Start-ups Banco de Portugal: É “prioritário” ter conhecimento aprofundado das fintechs portuguesas

Banco de Portugal: É “prioritário” ter conhecimento aprofundado das fintechs portuguesas

O supervisor do sistema bancário considera que um dos pontos “prioritários” na área das fintech é “a criação de uma base de conhecimento mais aprofundada sobre a realidade do sector em Portugal”.
Banco de Portugal: É “prioritário” ter conhecimento aprofundado das fintechs portuguesas
Bloomberg
Ana Laranjeiro 24 de março de 2018 às 18:00

O mundo das fintech (empresas que desenvolvem tecnologia que é usada pelo sistema financeiro) está a desenvolver-se a velocidades diferentes. Na Ásia, por exemplo, Hong Kong e Singapura são duas áreas geográficas em que este sector está em forte desenvolvimento. Na Europa, Londres é um dos principais centros desta área.

A Comissão Europeia ainda recentemente lançou um plano de acção para esta área, com vários passos que pretendem ser dados. Quisemos perceber o que é que alguns dos actores do ecossistema nacional consideram que falta em Portugal.

O número de fintechs não é claro. E é essa uma das lacunas que, por exemplo, o Banco de Portugal (BdP) quer ajudar a colmatar.
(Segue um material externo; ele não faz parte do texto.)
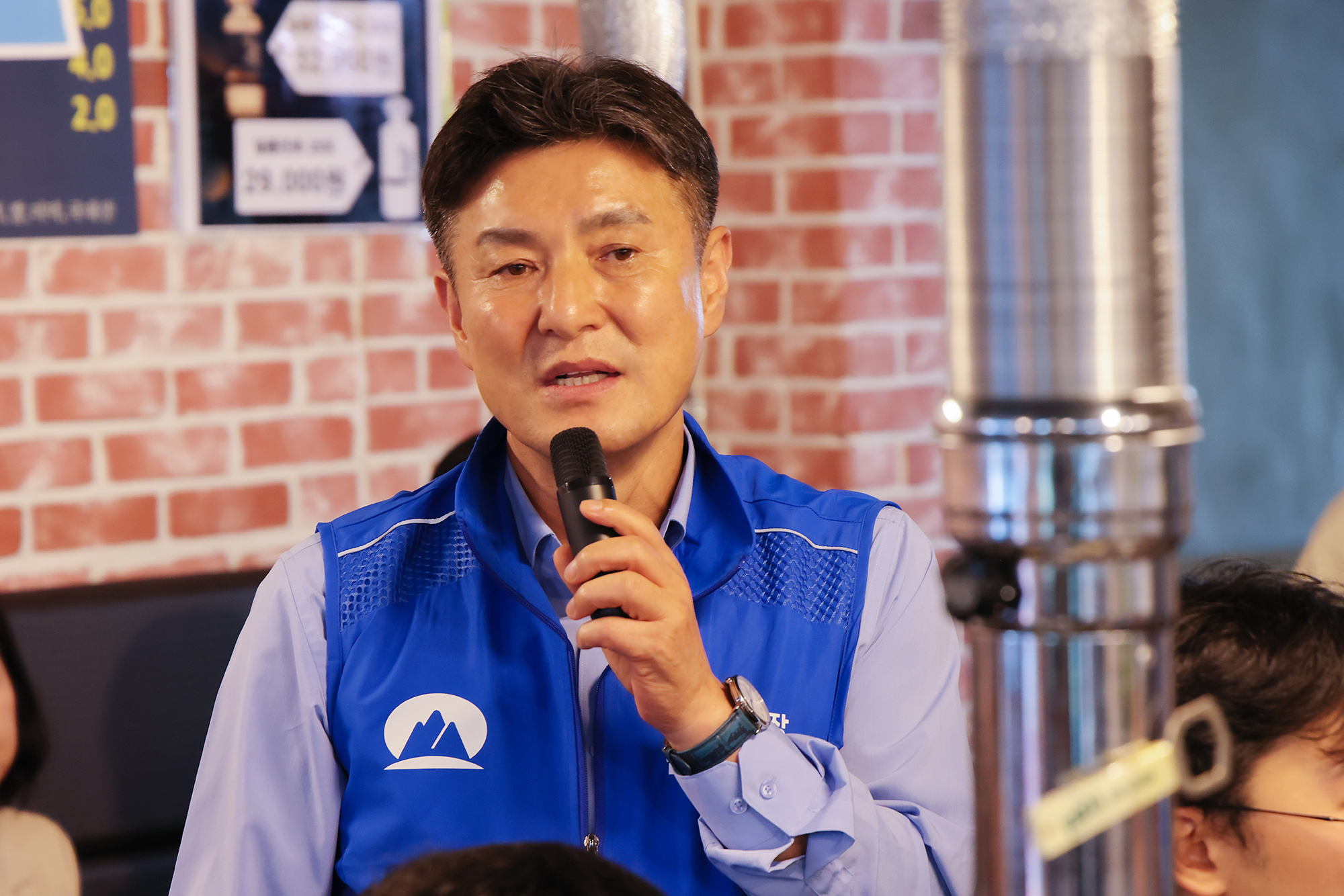 환경공무관 격려 행사 해당 썸네일입니다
Hélder Rosalino, administrador do BdP, diz ao Negócios que "é importante produzir e partilhar conhecimento sobre o sector nacional das fintech" e esta "é uma das prioridades do plano estratégico do Banco de Portugal nesta área". "Neste sentido, o Banco de Portugal pretende elaborar um mapeamento das fintechs em Portugal, que lhe permita caracterizar o sector e as principais iniciativas que estão em desenvolvimento no nosso país".

O responsável adianta que vai ser realizado um questionário, em conjunto com as associações do sector, para que este sector possa ser caracterizado. "O Banco de Portugal pretende também realizar um inquérito às instituições de crédito, para fazer um levantamento do que a própria banca está a fazer nesta matéria. Ou seja, o que consideramos prioritário nesta fase, para além do reforço da interacção entre todos os intervenientes neste sector, é a criação de uma base de conhecimento mais aprofundada sobre a realidade do sector em Portugal, sobre as principais iniciativas que estão em curso e sobre o contexto da inovação financeira existente no nosso país", acrescenta.

José Figueiredo, da Comparajá - plataforma de comparação de créditos e telecomunicações – questionado sobre o que é que falta em Portugal nesta área sublinha que há "uma área específica em que as fintech poderão dar uma excelente resposta a uma grande lacuna no mercado bancário nacional: a inexistência de uma entidade que faça ‘credit scoring’ [uma espécie de perfil de crédito] em tempo real, por exemplo, com recurso à inteligência artificial". O responsável assinala que esta é "uma área que será certamente desenvolvida com a transposição da directiva PSD2".

Sebastião Lancastre, da Easypay, empresa que trabalha na área dos pagamentos electrónicos, considera que a maior lacuna em Portugal é a falta de fintechs. "Temos uma legislação antiquada, um regulador que só agora é que está a tomar o seu papel nesta realidade e um país onde só existem cerca de 15 fintechs", diz ao Negócios. "Precisamos de legislação actual, precisamos que o governo não se atrase a transpor directivas da maior importância, precisamos de um regulador que pressione para acabar com esta inactividade e precisamos de medidas de apoio real à inovação, ao empreendedorismo e à criação de negócio", acrescentou.

João Machado da Mota, da Associação Portuguesa de Fintech e Insurtech, defende que "a sector enfrenta muitas dificuldades que vão desde a dimensão do mercado nacional à escassez de recursos e a limitações regulamentares". "Mas, mesmo assim, o sector está a desenvolver-se e a internacionalizar-se. É importante estabelecer relações entre os ‘players’ nacionais e apoiar a internacionalização das nossas empresas. E a regulação tem de ajustar-se de forma rápida as novas tecnologias para promover o desenvolvimento do sector, garantindo que todas as empresas e tecnologias competem em condições de igualdade".

O responsável adianta ainda que que a associação tem tentado "promover a difusão de conhecimento sobre o sector e as novas tecnologias, estabelecido relações entre empresas nacionais e entre empresas nacionais e internacionais".